> [Work to be completed]: Transcribe the lines exactly, beginning with the one that contains "Ardor London Cinnamon" and ending with the final line of the records. Do not transcribe pictures.

> [Listed records]:
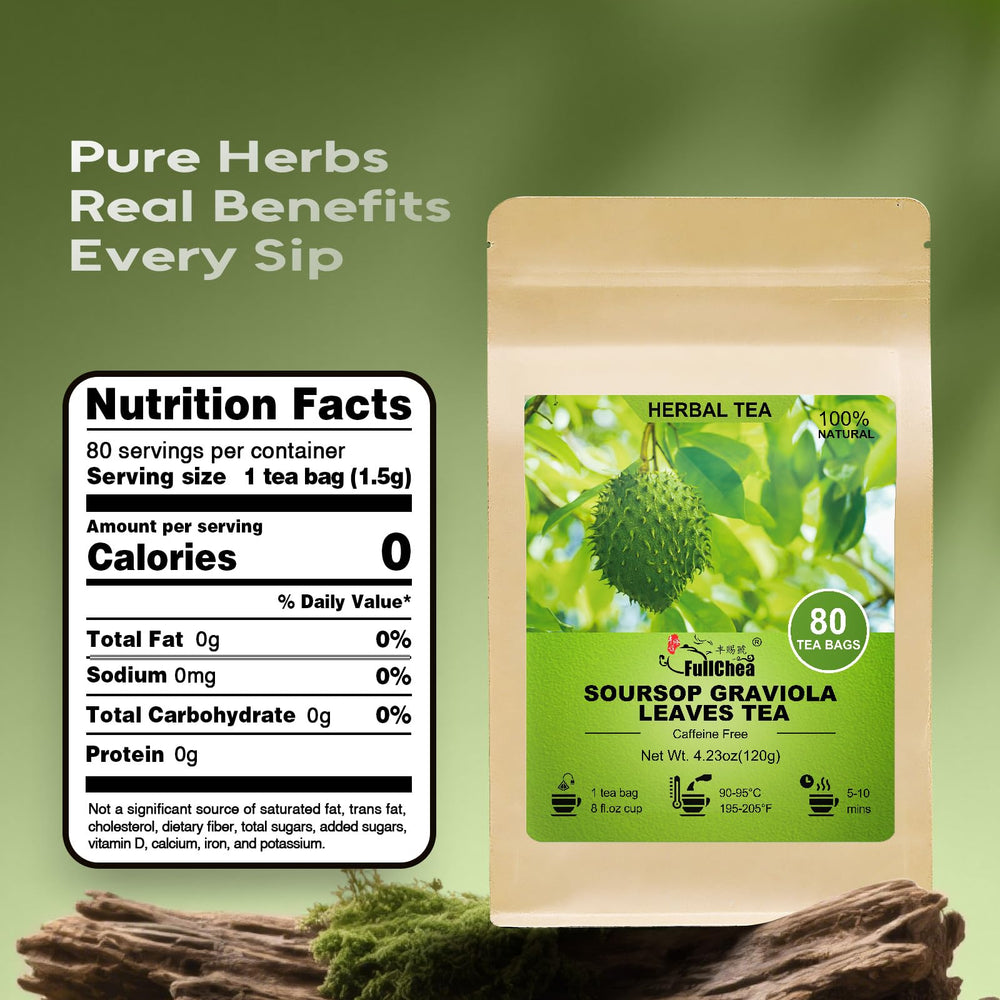 Steeping FullChea Soursop Tea Bags yields a mellow, earthy aroma.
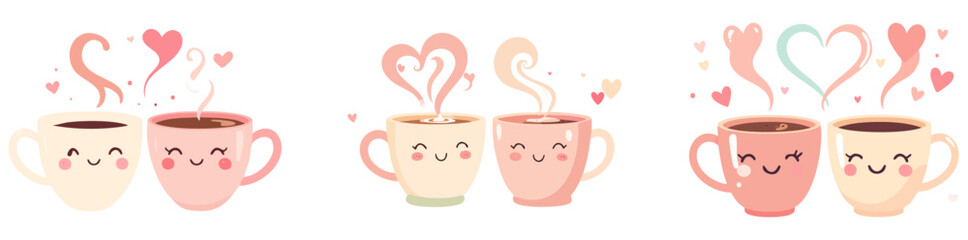 Kawaii Valentine Coffee Cup Couples Vector Set &ndash; Cute Flat Cartoon Tea and Coffee Mugs with Heart Steam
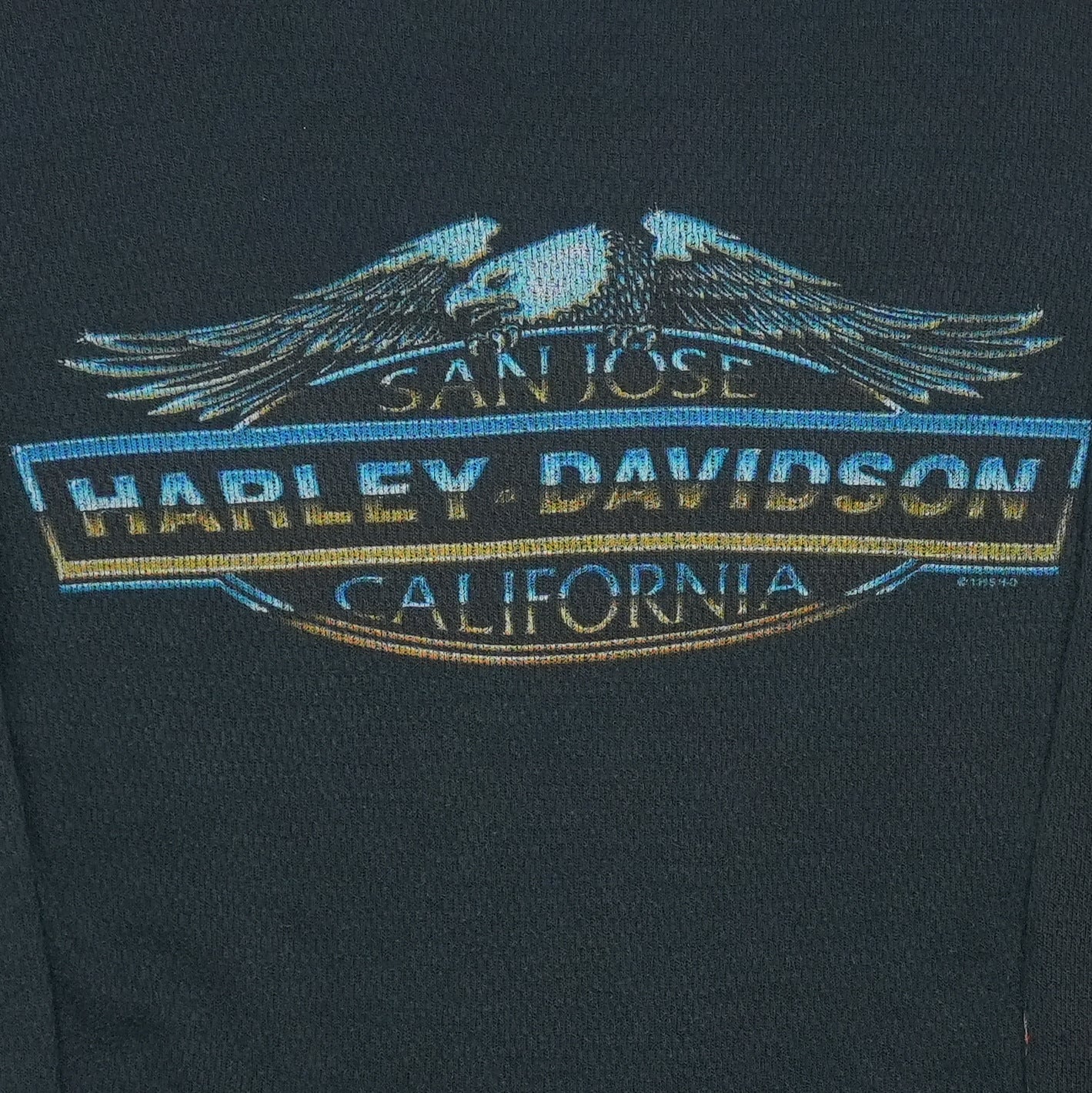 2000s Harley Davidson San Jose California Thermal Shirt Back Graphic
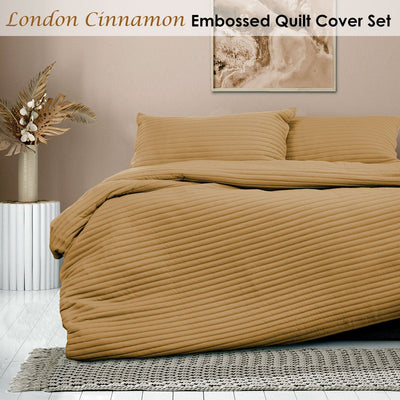 Ardor London Cinnamon Embossed Quilt Cover Set King Payday Deals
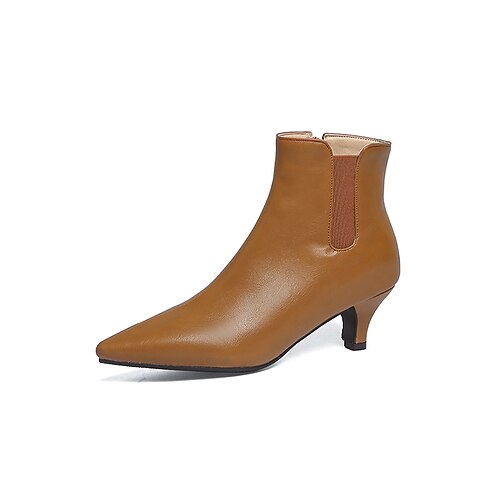 

Women's Boots Booties Ankle Boots Kitten Heel Pointed Toe Elegant Minimalism Daily Work PU Leather Zipper Fall Winter Solid Colored Almond Black Brown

> [Response to the task]:
 Ardor London Cinnamon Embossed Quilt Cover Set King Payday Deals

Women's Boots Booties Ankle Boots Kitten Heel Pointed Toe Elegant Minimalism Daily Work PU Leather Zipper Fall Winter Solid Colored Almond Black Brown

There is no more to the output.